Lilia diz que geralmente é incomodada pelas atitudes masculinas em lugares públicos e que fica imediatamente estressada quando está rodeada de desconhecidos.
"Acho que qualquer mulher deve se considerar uma feminista, mas o termo é mal visto, algo totalmente injustificado", completa.
No meio tempo, Iúlia, uma jovem brincalhona de suéter branco, vai buscar uma “latessa”. Ela é química na Universidade Estatal de São Petersburgo e no tempo livre ajuda no projeto em eventos diversos.
"Venho de uma família 'europeizada' e não tenho uma educação sexista. Ninguém me disse jamais: ‘Você é menina, não pode fazer isso e aquilo", conta Iúlia.
Ela admite que a sociedade russa pode ser difícil às vezes, porque muitas pessoas têm opiniões atrasadas - até mesmo seus colegas cientistas. "Muitos pensam que as feministas são simplesmente lésbicas ou mulheres pouco atraentes que não conseguem achar homem para casar, mas isso não tem nada a ver", diz.
Outra moça se aproxima brevemente. Daria é professora de russo para refugiados e editora do livro “Contos de fadas para meninas”, onde as histórias, segundo ela mesma, são “livres da objetificação e dos estereótipos”.

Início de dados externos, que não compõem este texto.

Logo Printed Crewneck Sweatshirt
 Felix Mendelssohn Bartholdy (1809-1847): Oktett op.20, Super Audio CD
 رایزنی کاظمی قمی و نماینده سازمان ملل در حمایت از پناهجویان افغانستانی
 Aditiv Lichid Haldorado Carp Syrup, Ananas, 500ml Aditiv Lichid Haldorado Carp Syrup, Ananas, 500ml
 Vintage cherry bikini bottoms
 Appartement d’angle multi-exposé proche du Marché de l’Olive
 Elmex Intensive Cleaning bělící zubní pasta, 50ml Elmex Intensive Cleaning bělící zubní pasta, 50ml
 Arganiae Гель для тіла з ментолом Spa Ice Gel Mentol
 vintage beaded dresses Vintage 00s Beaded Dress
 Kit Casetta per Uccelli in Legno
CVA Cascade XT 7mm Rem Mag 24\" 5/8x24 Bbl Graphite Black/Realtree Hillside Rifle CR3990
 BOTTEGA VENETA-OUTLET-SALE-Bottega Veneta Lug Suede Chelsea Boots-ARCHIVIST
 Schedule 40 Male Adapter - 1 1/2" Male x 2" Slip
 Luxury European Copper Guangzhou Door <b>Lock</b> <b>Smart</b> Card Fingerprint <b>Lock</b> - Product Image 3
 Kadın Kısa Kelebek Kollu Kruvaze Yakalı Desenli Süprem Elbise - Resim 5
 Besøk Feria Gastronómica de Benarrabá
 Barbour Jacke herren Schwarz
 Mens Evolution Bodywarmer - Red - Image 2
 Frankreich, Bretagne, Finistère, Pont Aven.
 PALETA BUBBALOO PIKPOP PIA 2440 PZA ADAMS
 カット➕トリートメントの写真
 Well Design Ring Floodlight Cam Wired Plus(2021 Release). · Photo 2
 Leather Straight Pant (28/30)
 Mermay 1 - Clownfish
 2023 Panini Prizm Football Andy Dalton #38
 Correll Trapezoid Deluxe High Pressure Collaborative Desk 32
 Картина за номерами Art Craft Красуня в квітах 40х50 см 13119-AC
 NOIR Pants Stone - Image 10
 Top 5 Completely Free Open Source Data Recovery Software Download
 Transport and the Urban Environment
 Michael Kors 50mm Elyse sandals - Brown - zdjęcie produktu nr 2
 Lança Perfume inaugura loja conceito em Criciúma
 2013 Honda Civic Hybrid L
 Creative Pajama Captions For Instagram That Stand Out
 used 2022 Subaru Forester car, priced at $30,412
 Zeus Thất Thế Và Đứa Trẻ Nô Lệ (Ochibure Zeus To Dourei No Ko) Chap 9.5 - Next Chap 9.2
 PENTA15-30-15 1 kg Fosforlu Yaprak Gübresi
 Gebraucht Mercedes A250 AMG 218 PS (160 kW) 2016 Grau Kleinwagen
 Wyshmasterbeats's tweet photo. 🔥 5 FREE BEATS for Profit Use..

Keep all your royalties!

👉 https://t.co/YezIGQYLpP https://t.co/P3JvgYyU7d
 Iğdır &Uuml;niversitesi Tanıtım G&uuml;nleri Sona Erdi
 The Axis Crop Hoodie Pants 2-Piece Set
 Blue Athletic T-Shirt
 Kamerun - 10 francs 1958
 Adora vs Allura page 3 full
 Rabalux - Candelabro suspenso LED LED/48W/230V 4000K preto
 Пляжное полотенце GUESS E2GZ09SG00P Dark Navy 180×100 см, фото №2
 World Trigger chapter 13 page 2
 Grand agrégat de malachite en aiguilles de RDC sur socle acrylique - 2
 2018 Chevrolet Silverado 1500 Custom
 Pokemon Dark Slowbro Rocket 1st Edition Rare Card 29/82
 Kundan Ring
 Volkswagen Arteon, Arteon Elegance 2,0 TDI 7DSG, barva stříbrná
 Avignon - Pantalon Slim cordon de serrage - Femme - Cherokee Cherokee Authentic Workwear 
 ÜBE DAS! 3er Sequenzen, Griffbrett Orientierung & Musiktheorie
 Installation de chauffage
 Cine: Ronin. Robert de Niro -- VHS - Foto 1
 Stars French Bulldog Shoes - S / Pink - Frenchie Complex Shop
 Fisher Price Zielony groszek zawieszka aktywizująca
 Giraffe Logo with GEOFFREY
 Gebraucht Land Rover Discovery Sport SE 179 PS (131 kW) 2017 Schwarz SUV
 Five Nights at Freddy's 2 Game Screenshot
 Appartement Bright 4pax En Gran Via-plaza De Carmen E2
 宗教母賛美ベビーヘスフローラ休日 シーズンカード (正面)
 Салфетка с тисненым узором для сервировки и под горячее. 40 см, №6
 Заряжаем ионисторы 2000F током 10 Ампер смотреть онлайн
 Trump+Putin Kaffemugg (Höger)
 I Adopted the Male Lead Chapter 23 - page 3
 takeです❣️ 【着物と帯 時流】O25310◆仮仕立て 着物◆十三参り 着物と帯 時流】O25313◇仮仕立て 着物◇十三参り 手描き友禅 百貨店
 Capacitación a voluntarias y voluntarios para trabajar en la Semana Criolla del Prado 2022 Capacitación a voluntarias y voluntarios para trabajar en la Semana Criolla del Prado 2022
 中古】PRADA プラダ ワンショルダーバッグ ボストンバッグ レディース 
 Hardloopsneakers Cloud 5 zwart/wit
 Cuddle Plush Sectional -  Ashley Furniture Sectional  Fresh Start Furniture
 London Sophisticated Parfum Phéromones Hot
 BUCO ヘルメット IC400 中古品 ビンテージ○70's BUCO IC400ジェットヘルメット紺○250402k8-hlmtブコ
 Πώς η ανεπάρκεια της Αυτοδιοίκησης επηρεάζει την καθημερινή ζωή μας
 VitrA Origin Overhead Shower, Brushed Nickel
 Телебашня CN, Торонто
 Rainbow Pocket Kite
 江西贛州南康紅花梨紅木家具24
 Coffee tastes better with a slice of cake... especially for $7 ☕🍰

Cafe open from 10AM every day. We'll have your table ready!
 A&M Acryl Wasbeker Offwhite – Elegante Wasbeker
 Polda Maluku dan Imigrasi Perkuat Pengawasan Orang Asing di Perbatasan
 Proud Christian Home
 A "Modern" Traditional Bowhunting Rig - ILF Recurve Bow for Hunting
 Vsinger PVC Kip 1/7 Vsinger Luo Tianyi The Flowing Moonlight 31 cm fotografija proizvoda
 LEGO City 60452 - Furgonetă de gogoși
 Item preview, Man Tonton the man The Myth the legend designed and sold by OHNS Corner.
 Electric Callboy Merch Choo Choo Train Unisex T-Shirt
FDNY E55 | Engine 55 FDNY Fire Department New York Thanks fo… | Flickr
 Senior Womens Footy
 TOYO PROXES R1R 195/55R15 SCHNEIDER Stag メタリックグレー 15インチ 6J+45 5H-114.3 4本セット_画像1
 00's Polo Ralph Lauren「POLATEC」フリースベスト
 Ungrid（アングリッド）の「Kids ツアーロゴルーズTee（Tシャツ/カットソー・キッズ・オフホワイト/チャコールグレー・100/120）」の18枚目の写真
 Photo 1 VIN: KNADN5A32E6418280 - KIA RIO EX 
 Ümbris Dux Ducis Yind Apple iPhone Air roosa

“Eu pensava que as feministas eram apenas mulheres loucas insistindo sobre direitos e que não precisávamos disso. Mas, na verdade, quando uma mulher vira feminista, ela simplesmente decide olhar criticamente para sua vida e ser menos humilhada. Por isso, é natural que estas mulheres tendam a estar em relacionamentos abertos, ou cercadas em casa por gatos, como alguns imaginam. Mas isto não diz nada sobre ela como indivíduo. Até que ponto é possível julgar uma mulher com base na existência ou não de um marido?”, diz.
Daria, porém, tem um parceiro: um filósofo que antes dela mesma já era feminista. Apesar de ser homem. E que respeita a necessidade feminina de espaços como o “Simone”.